__Work task__:
Repeat the following entries exactly, excluding pictures.

┌─ Input

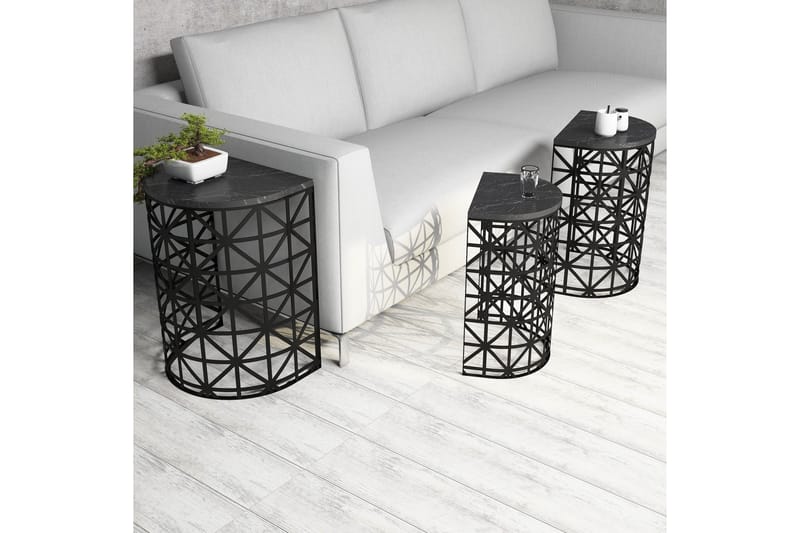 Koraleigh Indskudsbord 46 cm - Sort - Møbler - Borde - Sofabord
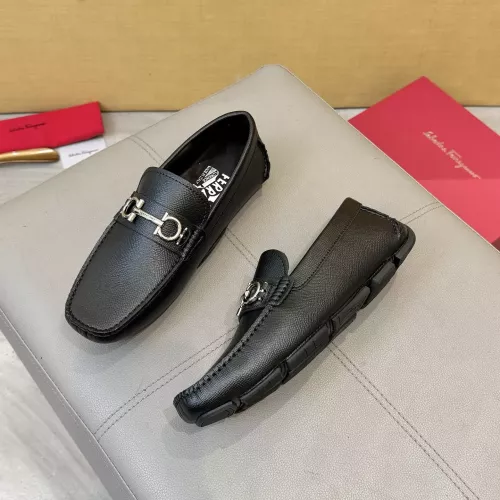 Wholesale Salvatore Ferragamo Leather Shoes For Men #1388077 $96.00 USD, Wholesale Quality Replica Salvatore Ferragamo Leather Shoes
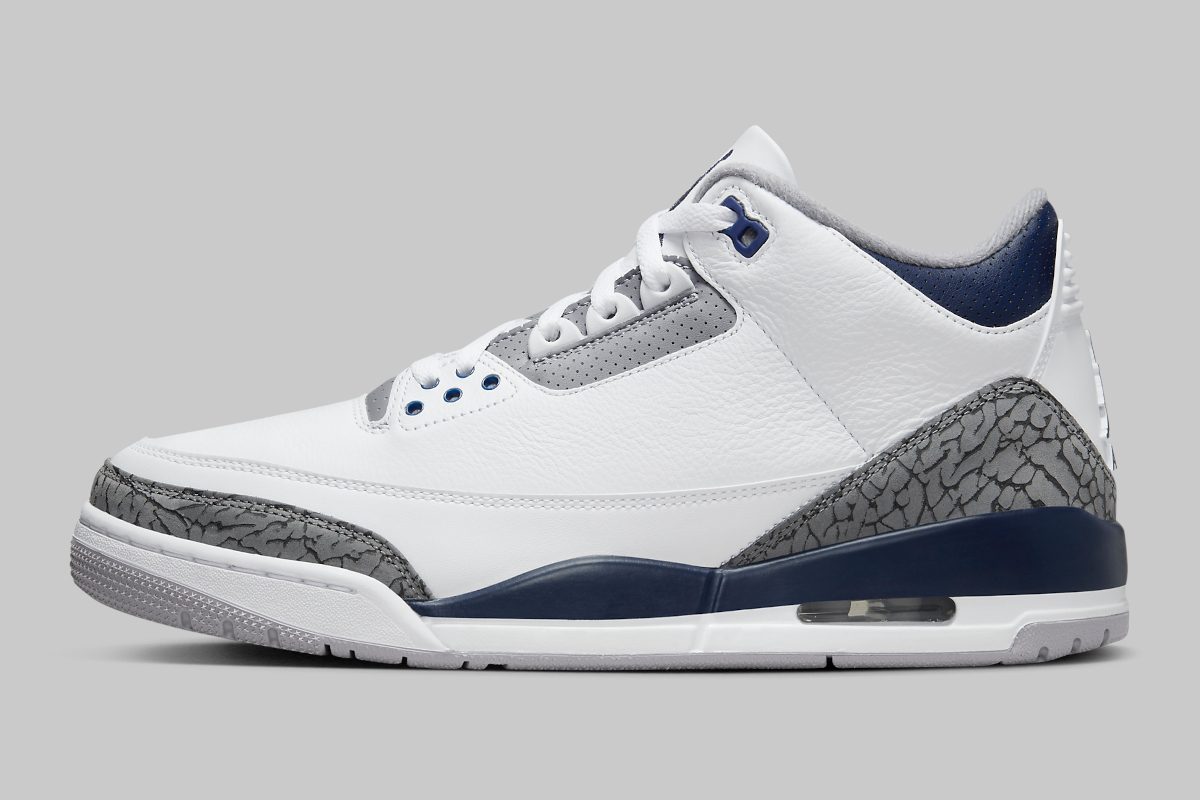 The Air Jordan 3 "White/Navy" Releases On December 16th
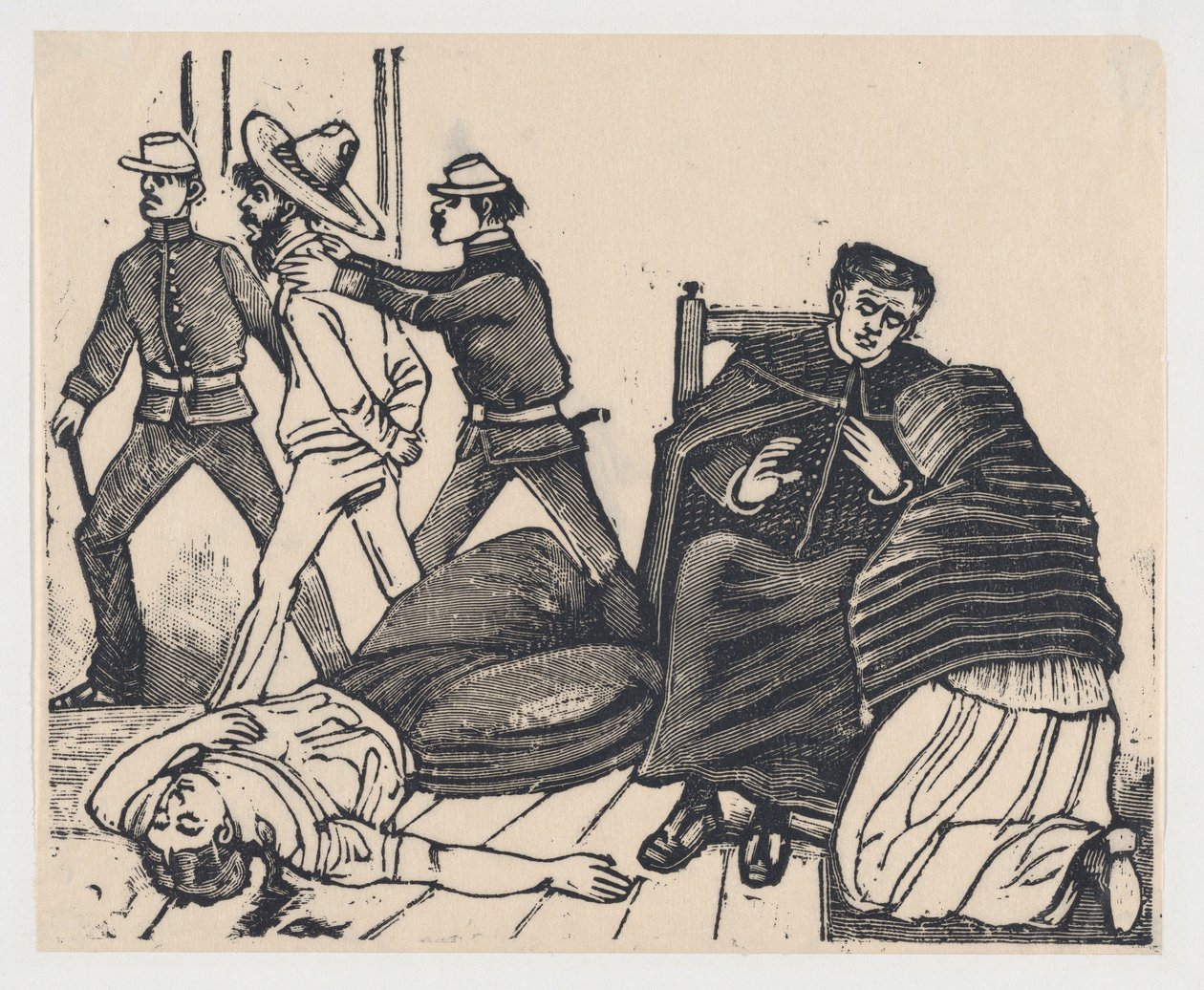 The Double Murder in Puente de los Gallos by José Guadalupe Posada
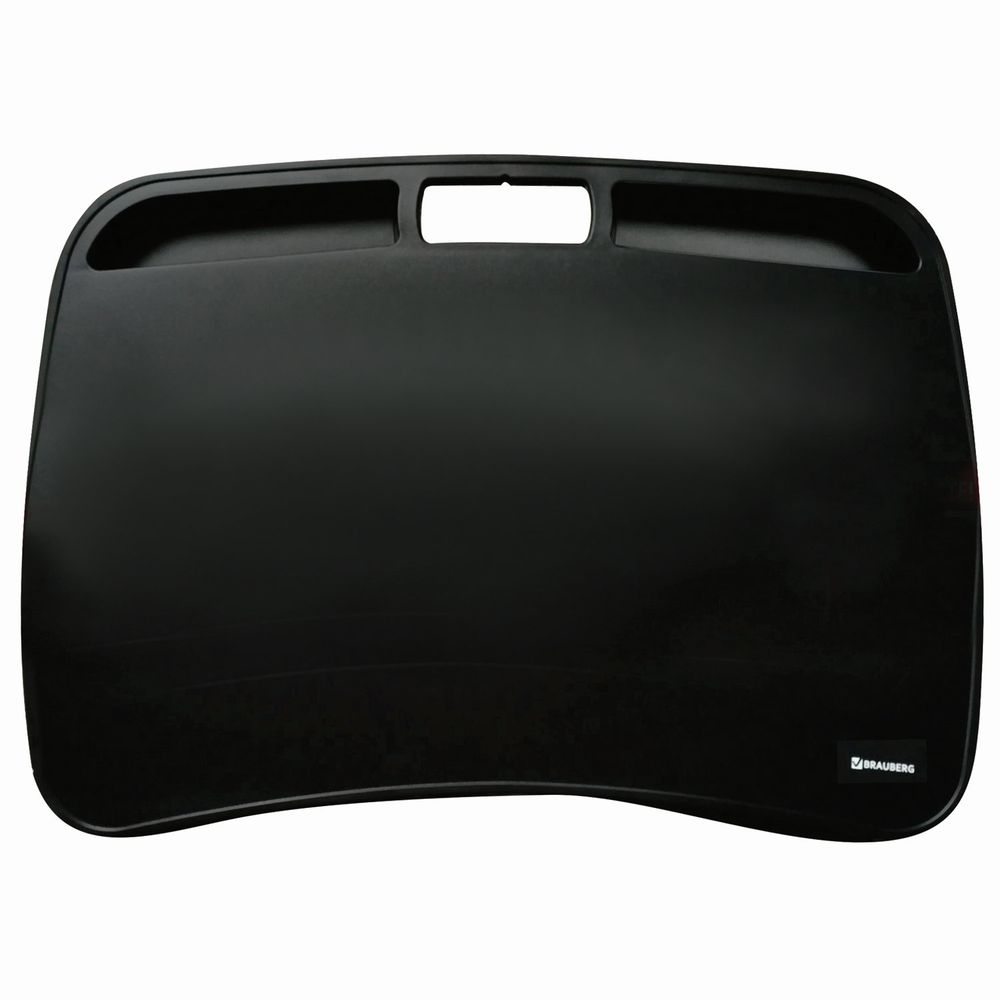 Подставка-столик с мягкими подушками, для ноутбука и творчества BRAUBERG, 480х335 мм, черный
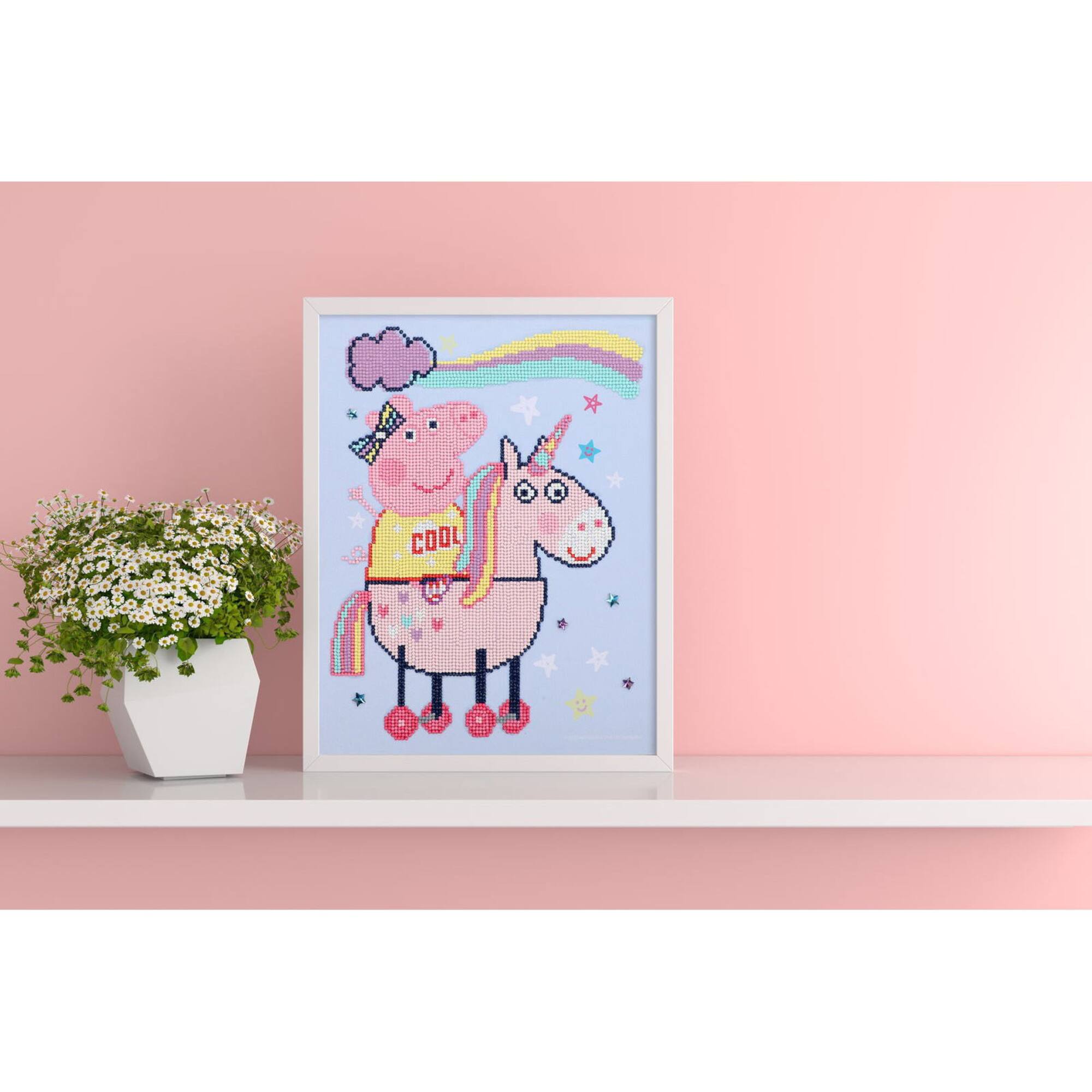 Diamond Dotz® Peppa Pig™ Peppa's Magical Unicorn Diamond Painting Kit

└─

__Task answer__:
 Koraleigh Indskudsbord 46 cm - Sort - Møbler - Borde - Sofabord
 Wholesale Salvatore Ferragamo Leather Shoes For Men #1388077 $96.00 USD, Wholesale Quality Replica Salvatore Ferragamo Leather Shoes
 The Air Jordan 3 "White/Navy" Releases On December 16th
 The Double Murder in Puente de los Gallos by José Guadalupe Posada
 Подставка-столик с мягкими подушками, для ноутбука и творчества BRAUBERG, 480х335 мм, черный
 Diamond Dotz® Peppa Pig™ Peppa's Magical Unicorn Diamond Painting Kit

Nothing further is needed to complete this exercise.